# A practical approach to read-write quorum systems

Quorum systems allow consistency of replicated data; every time a group of servers needs to agree on something, a quorum is involved in the decisions.

For example, leaderless databases such as Dynamo (not to be confused with DynamoDB) uses a consistency protocol based on quorums[1]. Furthermore, most of the consensus algorithms such as Zab, Raft, Paxos are based on quorums[2].

Read-write quorums define two configurable parameters, `R`

and `W`

.

`R`

is the minimum number of nodes that must participate in a *read operation*, and `W`

the minimum number of nodes that must participate in a *write operation*.

A few weeks ago, I came across this tweet:

Majority quorums are pervasive in strongly consistent distributed systems yet there are many alternatives with better scalability and performance. Quoracle is a new open-source tool to find an optimal quorum system for a given distributed architecture. https://t.co/d4UpFNdQuf pic.twitter.com/V2SaXYmkoP

— Heidi Howard (@heidiann360) April 13, 2021

The tweet refers to the following publication:

The paper reviews some concepts of the quorum systems, and it presents a concrete tool named "Quoracle" that explores the trade-offs of the read-write quorum systems.

Quoracle provides an alternative to the majority quorum systems that are widely adopted in distributed systems. The majority quorum can be defined as

$$ \frac{n}{2} + 1 \space where \space n = n. \space of \space nodes $$

In the case of a read-write quorum systems the majority is represented in a similar way:

$$ r = w = \frac{n}{2} + 1 $$

where \(r\) and \(w\) are the read and write quorums.

Below there are some notes I took while I was reading the paper and a detailed look at the proposed implementation of Quoracle. The topics discussed are listed below:

- Quorum system definitions
- Quoracle overview
- Optimal strategy problem implementation
- Strategy representation
- Handling quorum failures
- Optimal strategy search

## Quorum system definitions

The paper resumes the definitions and the characteristics of the read-write quorum systems. These concepts are helpful to understand the theory of quorum systems and the implementation of Quoracle.

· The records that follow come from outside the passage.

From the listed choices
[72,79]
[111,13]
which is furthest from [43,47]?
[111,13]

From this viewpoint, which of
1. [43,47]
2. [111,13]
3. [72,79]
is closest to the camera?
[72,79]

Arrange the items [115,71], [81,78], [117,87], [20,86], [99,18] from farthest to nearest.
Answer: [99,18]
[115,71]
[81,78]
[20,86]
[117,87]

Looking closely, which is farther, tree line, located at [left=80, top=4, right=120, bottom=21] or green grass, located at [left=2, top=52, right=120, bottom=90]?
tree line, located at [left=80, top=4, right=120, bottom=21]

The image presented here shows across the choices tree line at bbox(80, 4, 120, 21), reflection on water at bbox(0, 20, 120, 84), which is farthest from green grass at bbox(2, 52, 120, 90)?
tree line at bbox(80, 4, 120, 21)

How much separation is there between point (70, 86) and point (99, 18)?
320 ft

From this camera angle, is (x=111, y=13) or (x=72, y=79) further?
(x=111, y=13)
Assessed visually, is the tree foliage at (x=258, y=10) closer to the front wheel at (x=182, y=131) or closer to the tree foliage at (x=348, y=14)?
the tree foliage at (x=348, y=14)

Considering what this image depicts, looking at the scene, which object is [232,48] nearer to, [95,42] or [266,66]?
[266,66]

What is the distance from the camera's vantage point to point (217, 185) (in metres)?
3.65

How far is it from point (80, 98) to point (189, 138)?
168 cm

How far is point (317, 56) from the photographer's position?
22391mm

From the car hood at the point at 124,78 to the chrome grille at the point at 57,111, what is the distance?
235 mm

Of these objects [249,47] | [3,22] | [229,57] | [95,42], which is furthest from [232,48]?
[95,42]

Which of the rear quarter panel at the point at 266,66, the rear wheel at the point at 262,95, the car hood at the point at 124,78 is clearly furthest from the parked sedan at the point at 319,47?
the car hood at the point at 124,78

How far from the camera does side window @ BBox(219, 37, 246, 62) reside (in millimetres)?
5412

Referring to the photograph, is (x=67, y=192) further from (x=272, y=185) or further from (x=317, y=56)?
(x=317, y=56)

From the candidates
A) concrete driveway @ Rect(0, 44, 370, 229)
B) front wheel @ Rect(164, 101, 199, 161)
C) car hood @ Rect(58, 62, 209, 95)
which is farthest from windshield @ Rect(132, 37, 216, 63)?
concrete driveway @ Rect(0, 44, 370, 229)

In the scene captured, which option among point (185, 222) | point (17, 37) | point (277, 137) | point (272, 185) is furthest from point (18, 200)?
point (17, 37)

Given a list of nodes represented as follow:

$$ X = {{x_1,..,x_n}} $$

A *read-write quorum system* is defined as \(Q = (R, W)\) where \(R\) represents the read quorums, and \(W\) represents the write quorums. \(R\) and \(W\) are sets of subsets of the list of nodes defined in \(X\).

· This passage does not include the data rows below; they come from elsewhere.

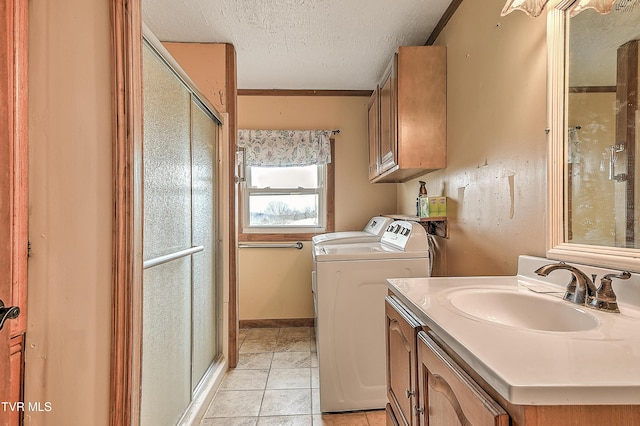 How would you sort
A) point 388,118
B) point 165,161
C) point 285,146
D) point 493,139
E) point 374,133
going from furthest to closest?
point 285,146 < point 374,133 < point 388,118 < point 493,139 < point 165,161

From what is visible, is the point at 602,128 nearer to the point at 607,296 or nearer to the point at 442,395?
the point at 607,296

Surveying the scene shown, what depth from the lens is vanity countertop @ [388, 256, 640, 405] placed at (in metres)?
0.43

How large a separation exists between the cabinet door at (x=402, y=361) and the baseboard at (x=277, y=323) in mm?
1829

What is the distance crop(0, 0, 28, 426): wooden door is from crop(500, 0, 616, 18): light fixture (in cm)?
140

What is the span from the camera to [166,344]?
1236 mm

An additional constraint asserts that every read and writes quorum (\(r\) and the \(w\)) must intersect. This is represented with the following definition:

$$ r \in R \space and \space w \in W, r \cap w \neq 0 $$

It is possible to illustrate a quorums systems with a grid as follow:

The grid above describes a \( Q_{2x3} \) quorum system defined as \( Q_{2x3} = (abc + def, ab + bc + ac)\).

Note that multiplication represents the nodes that are part of the same set while the addition separates the groups. This approach will be helpful to define read and write sets in Quoracle.

### Fault tolerance

The paper describes the *read fault tolerance* of a quorum system as the largest number, called \(f\), of nodes that can fail before a read quorum is still available. The same definition is applied to the *write fault tolerance*.

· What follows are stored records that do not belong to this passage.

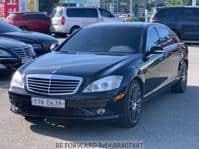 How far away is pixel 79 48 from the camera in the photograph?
8.30 meters

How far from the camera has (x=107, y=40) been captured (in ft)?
27.3

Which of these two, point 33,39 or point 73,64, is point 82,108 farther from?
point 33,39

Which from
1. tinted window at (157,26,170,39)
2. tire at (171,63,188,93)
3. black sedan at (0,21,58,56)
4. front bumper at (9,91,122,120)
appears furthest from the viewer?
black sedan at (0,21,58,56)

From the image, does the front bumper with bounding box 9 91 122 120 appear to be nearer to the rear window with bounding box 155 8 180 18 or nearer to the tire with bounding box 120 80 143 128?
the tire with bounding box 120 80 143 128

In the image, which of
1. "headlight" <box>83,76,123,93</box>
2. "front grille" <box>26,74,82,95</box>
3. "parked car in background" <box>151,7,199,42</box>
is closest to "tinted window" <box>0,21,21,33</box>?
"front grille" <box>26,74,82,95</box>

The *fault tolerance* of a quorum system is the minimum between the *read fault tolerance* and the *write fault tolerance*. For example, the \(Q_{2x3}\) quorum system defined above has a *read fault tolerance* of 1 because if one node is down, it means that only a single read quorum will be available. On the other hand, the *write fault tolerance* is 2 because if two nodes fail, then there will be only 1 write quorum available.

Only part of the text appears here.